Le mois de décembre est rempli de célébrations autour de la lumière. Alors que les chrétiens se préparent à fêter Noël [Dieu entrant dans l’histoire comme « une petite chose », un petit bébé], Hannouka – la fête de lumières ou de la dédicace, tombe le 25 du mois hébraïque de Kislev, aux alentours du solstice d’hiver. Cette année, elle a débuté le jeudi 10 décembre au soir et durera jusqu’au vendredi 18 décembre au soir. Les Juifs allument chaque jour une bougie sur leur  » Hanoukkia » ou chandelier à 9 branches. Ils utilisent pour cela la branche centrale (appelée le Shamash c’est-à-dire le  » serviteur ») qui sert à allumer les 8 autres, soit au total 9 bougies.

Ce chandelier est généralement posé sur le rebord d’une fenêtre et, comme les lumières de l’avent, égayent l’obscurité de la saison même si leur origine diffère l’une de l’autre.

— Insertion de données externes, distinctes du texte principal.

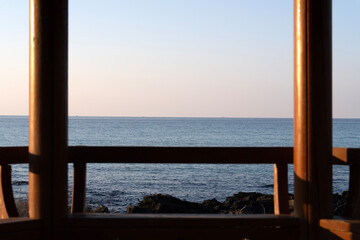 view of the sea from a pavilion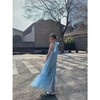 AHM-8615法式仙女蓝色挂脖夏季新款设计感小众无袖显瘦长裙 商品缩略图3
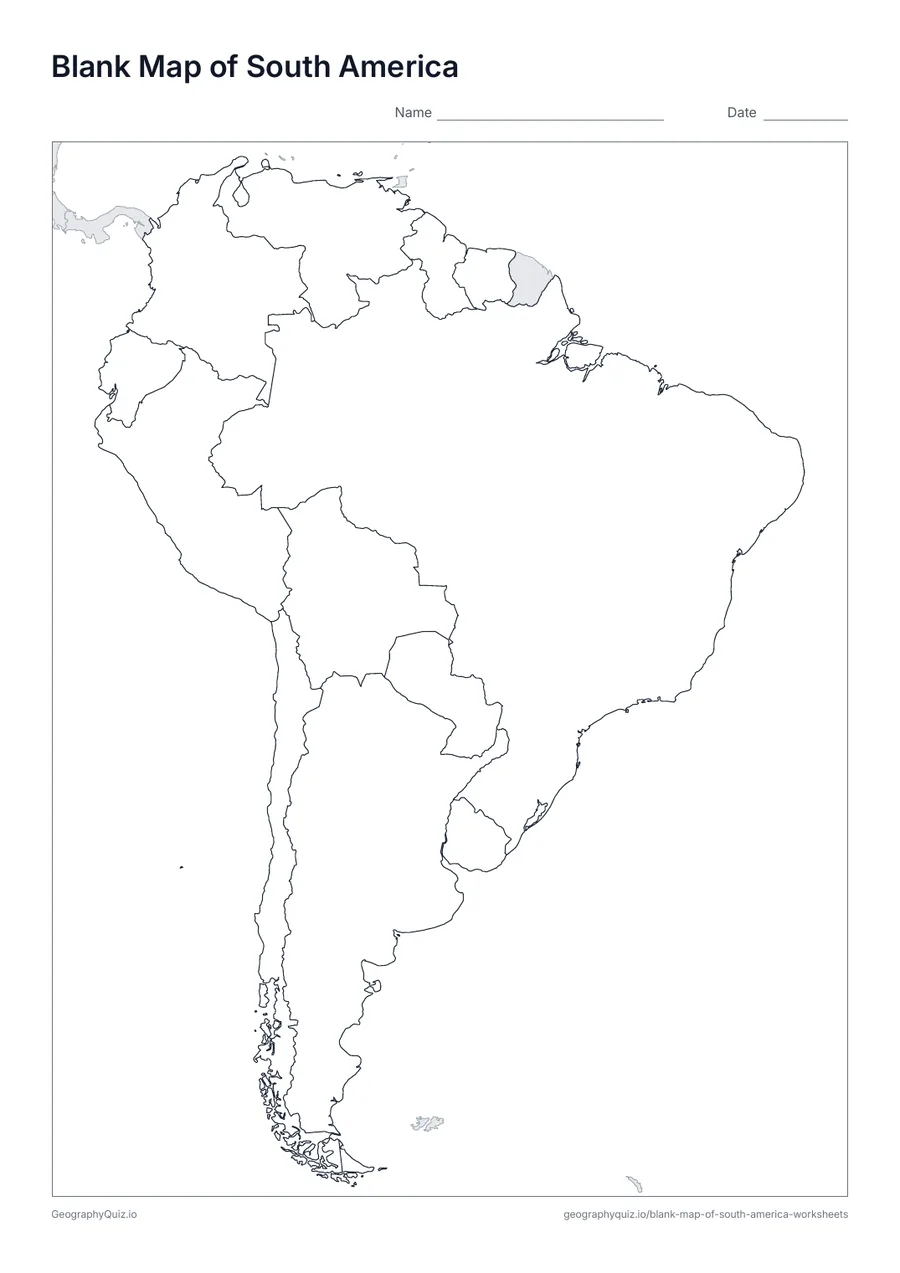 Printable blank map of South America worksheet preview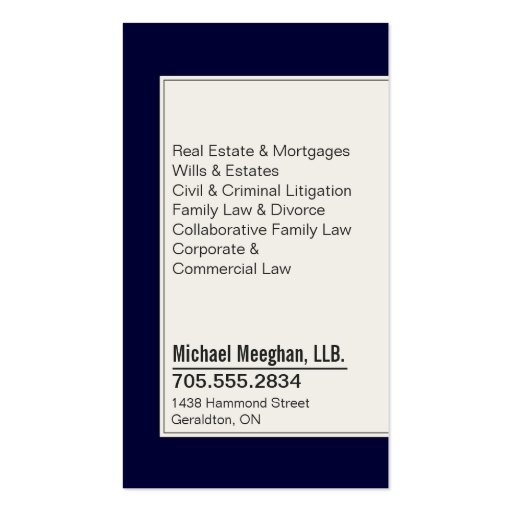 Law Firm Lawyer Business Card Bold Monogram Navy (back side)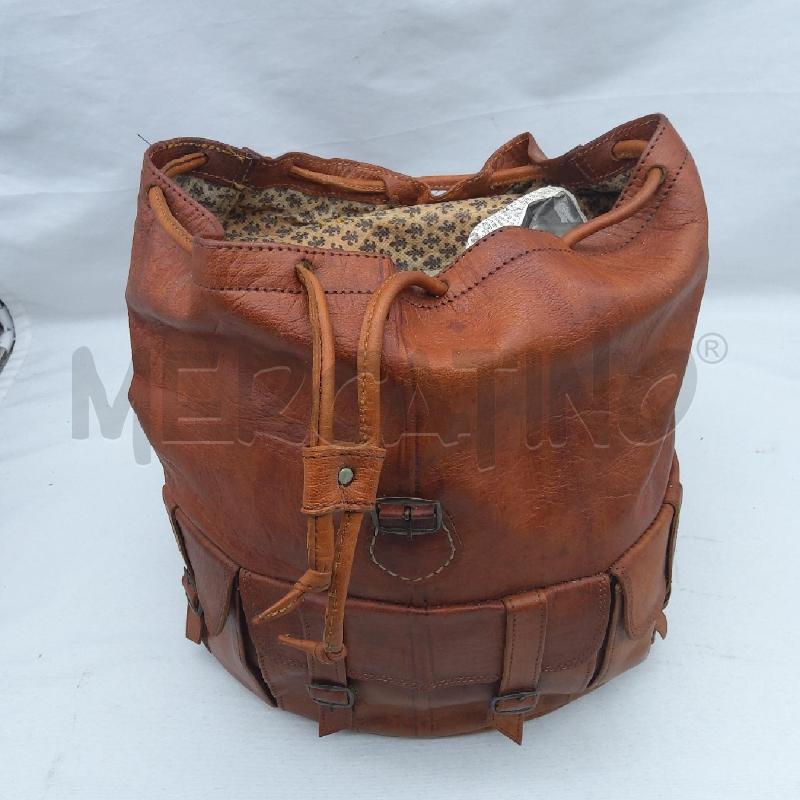 ZAINO VERA PELLE MARRONE ARANCIATO CON TASCONI  | Mercatino dell'Usato San maurizio canavese 4
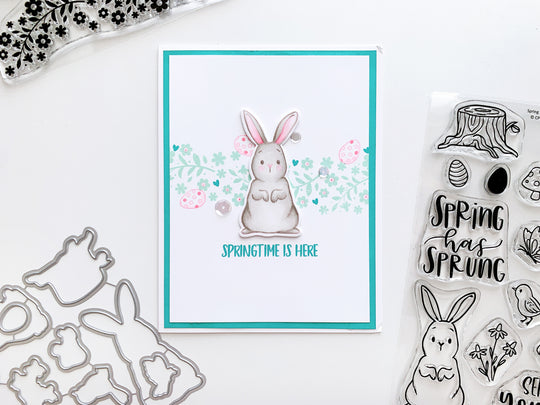 Springtime is here Bunny with floral back stripe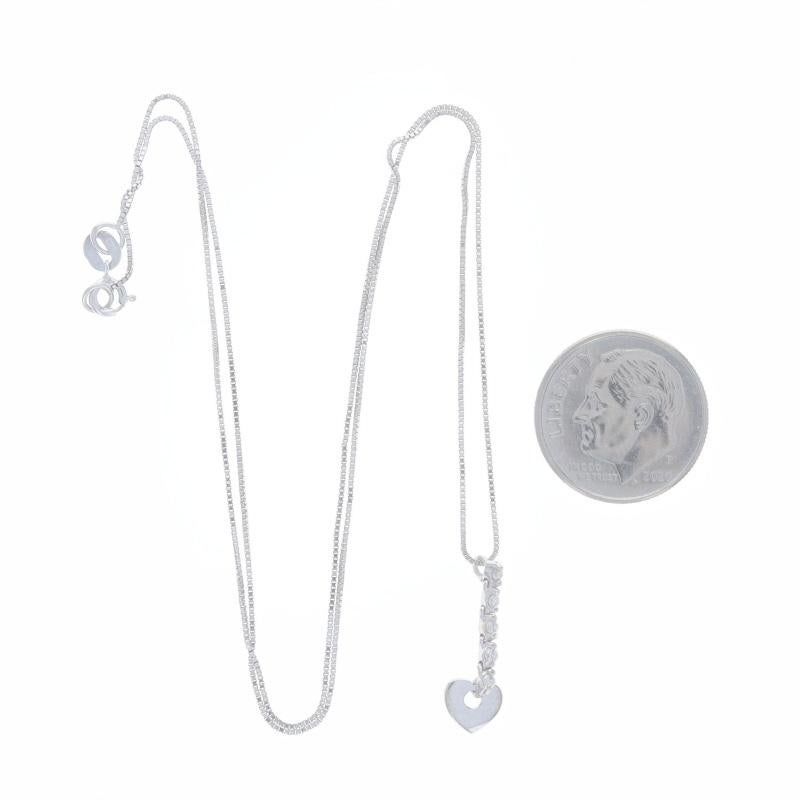 Collier pendentif cœur à cinq pierres en or blanc 16 3/4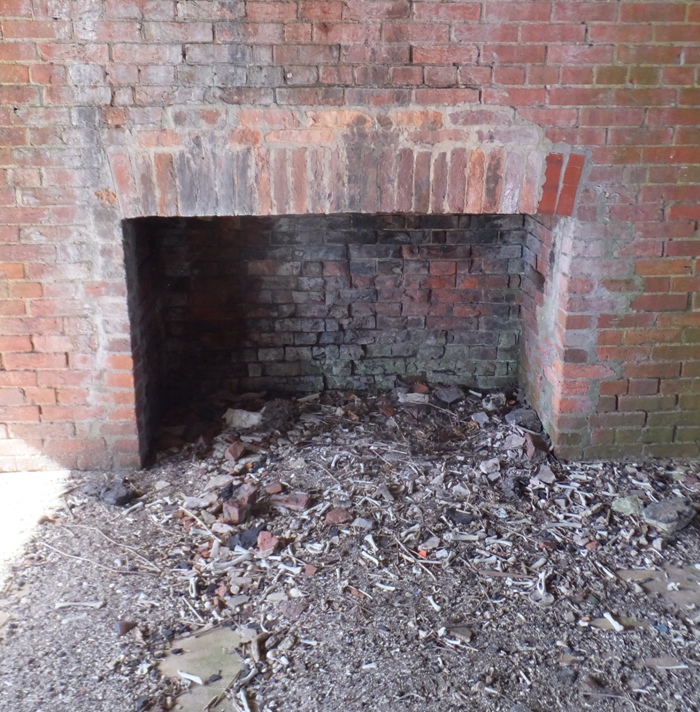Brick fireplace with more bones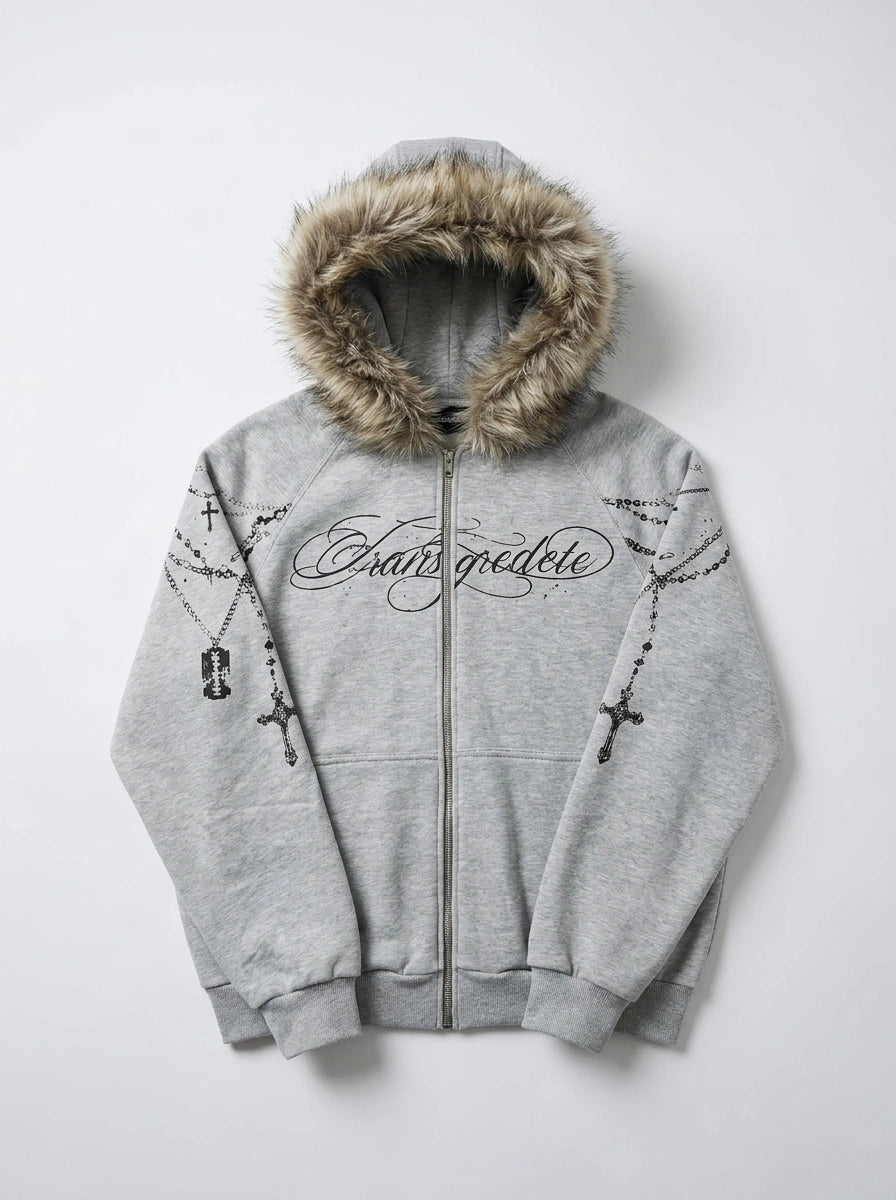 Riot Cross Rosary Print Faux Fur Hood Zip-Up Jacket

Dans un article publié sur Le Verbe.com, Sonia Sarah Lipsyc(1) nous parle de cette fête, laquelle commémore un fait historique, à l’instar de Pourim et de Pessah (= la Pâque). Ce fait historique, qui a eu lieu au 2e siècle avant l’Ère chrétienne et qui a servi de base à la décision rabbinique d’instituer la fête de Hannouka, est relaté dans les Maccabées – livres qui n’ont pas été retenus dans le canon de la Bible hébraïque (et absents de la plupart des éditions protestantes de la Bible). Sinon, cette fête est mentionnée pour la première fois dans la Bible…dans l’Evangile selon Jean, chapitre 10, verset 22, dans le Nouveau Testament !

« Cette fête célèbre à la fois la révolte victorieuse des Juifs sur la terre d’Israël contre l’emprise gréco-syrienne de la dynastie des Séleucides et le miracle d’une fiole d’huile retrouvée intacte et, selon les normes du rituel, dans l’enceinte du second Temple de Jérusalem ». Pour le peuple Juif, c’est aussi un symbole de la lumière de la création. »Que s’était-il passé à cette époque qui justifierait que les Juifs s’en souviennent et le fassent savoir au travers de leurs rites depuis des millénaires ? »

Sonia Sarah Lipsyc nous explique que les Juifs « avaient perdu leur souveraineté nationale et devaient subir, pour user d’un terme contemporain, l’impérialisme culturel et religieux d’un empire païen. Pire encore, ils étaient victimes de persécutions religieuses tant à l’encontre de leur personne que de la tradition juive monothéiste qu’ils incarnaient. On leur interdisait ainsi sous peine de mort, l’étude de la Torah, la pratique du jour consacré du shabbat, la circoncision et le respect d’autres commandements. On les obligeait aussi, sinon ils risquaient la mort, de transgresser les injonctions et l’éthique de la Torah en voulant leur faire manger publiquement, par exemple, des bêtes interdites à la consommation (porc) selon les règles exposées dans le livre du Lévitique et explicitées par la tradition orale juive. Le Temple et son sanctuaire avaient étés profanés par l’introduction d’idoles ou par d’autres humiliations.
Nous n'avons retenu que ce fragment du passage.